** Records supplied follows **

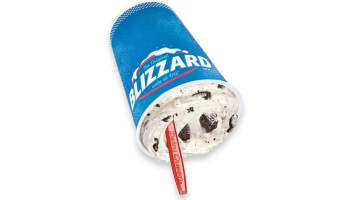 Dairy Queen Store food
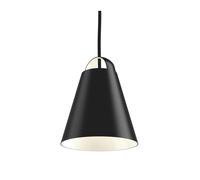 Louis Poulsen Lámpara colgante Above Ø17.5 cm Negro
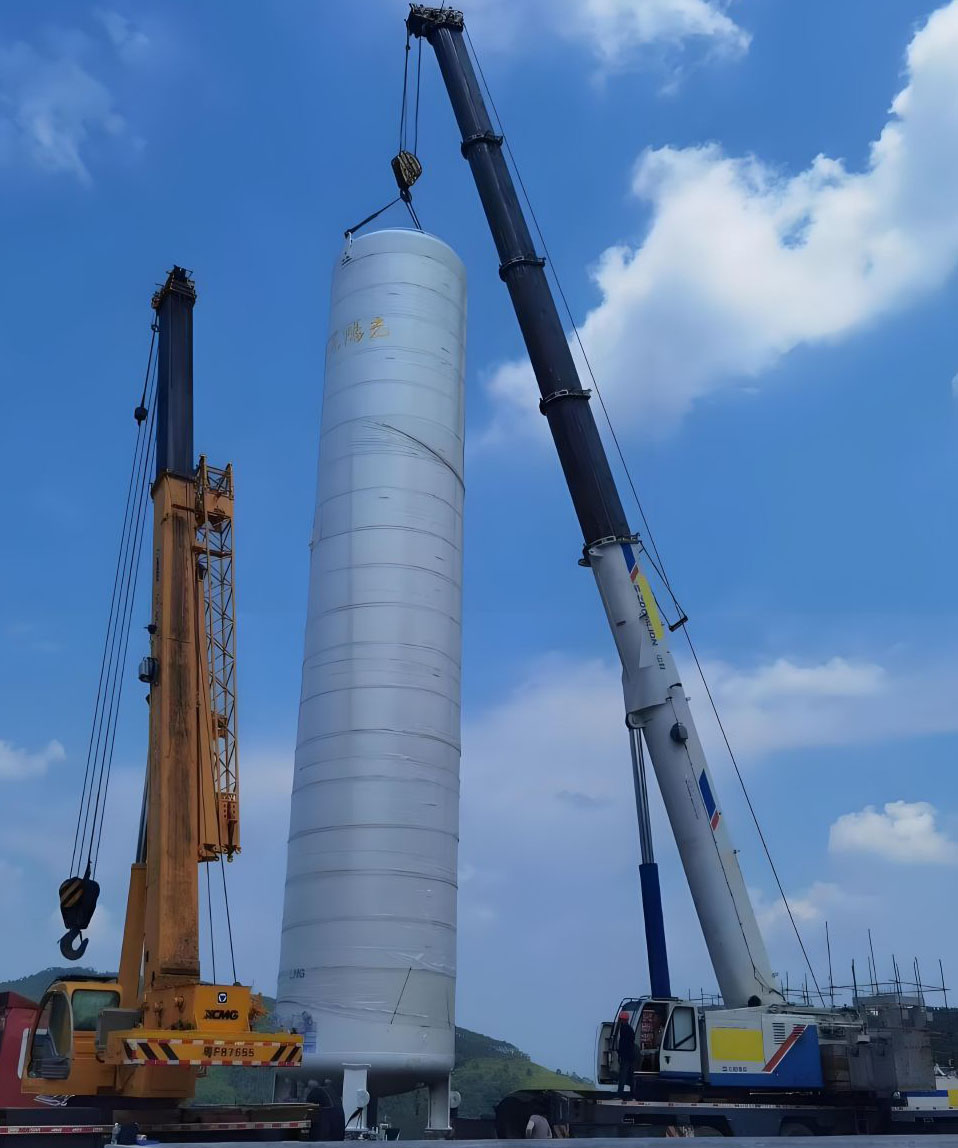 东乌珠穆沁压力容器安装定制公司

** End of Records supplied **
** Records supplied follows **

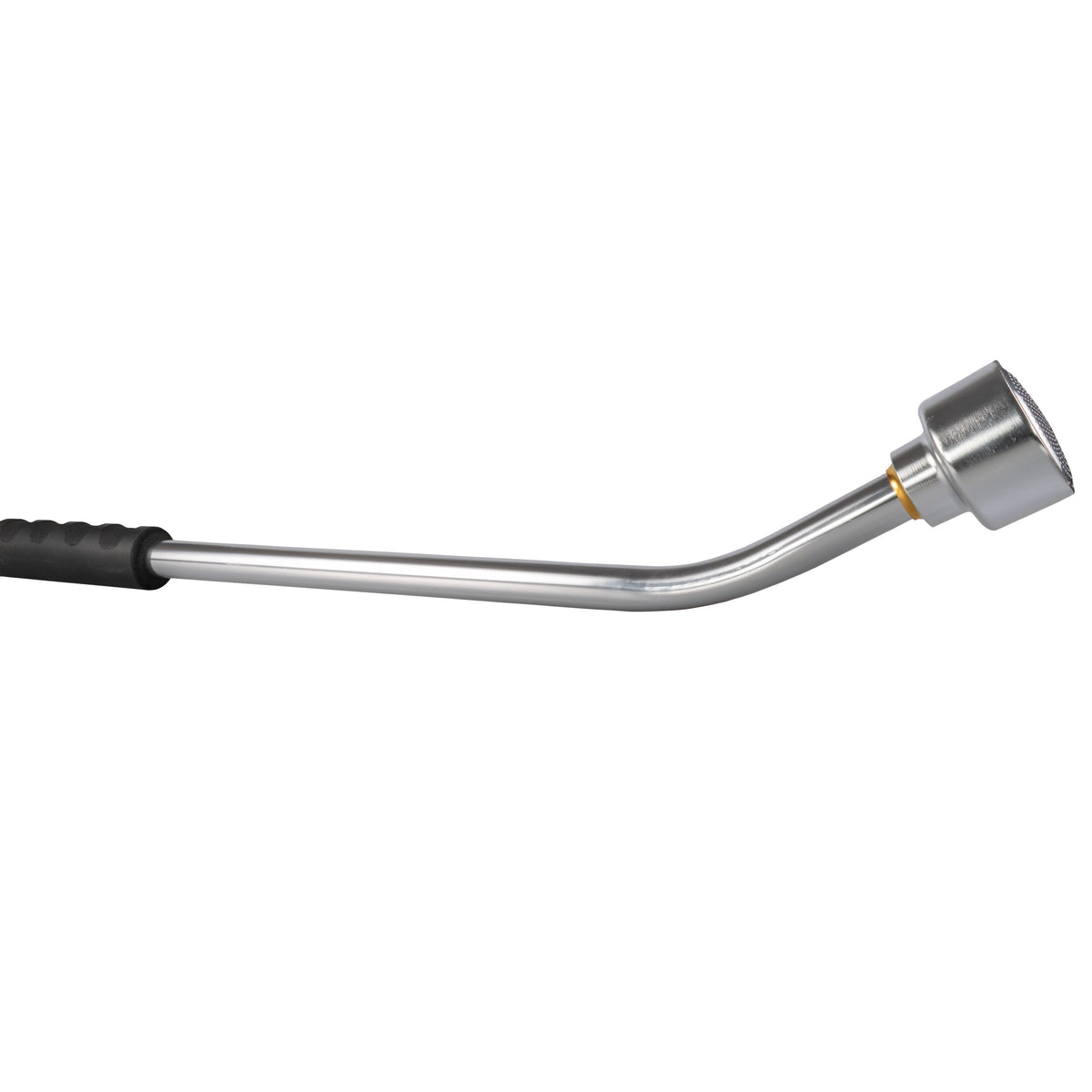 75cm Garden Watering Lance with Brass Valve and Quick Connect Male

** End of Records supplied **

**Description of the task**
An exact copy is needed of the entries above, starting at the line that holds "Dairy Queen Store food" and stopping at the line that holds "东乌珠穆沁压力容器安装定制公司", both kept; pictures stay out.

**Reply**
 Dairy Queen Store food
 Louis Poulsen Lámpara colgante Above Ø17.5 cm Negro
 东乌珠穆沁压力容器安装定制公司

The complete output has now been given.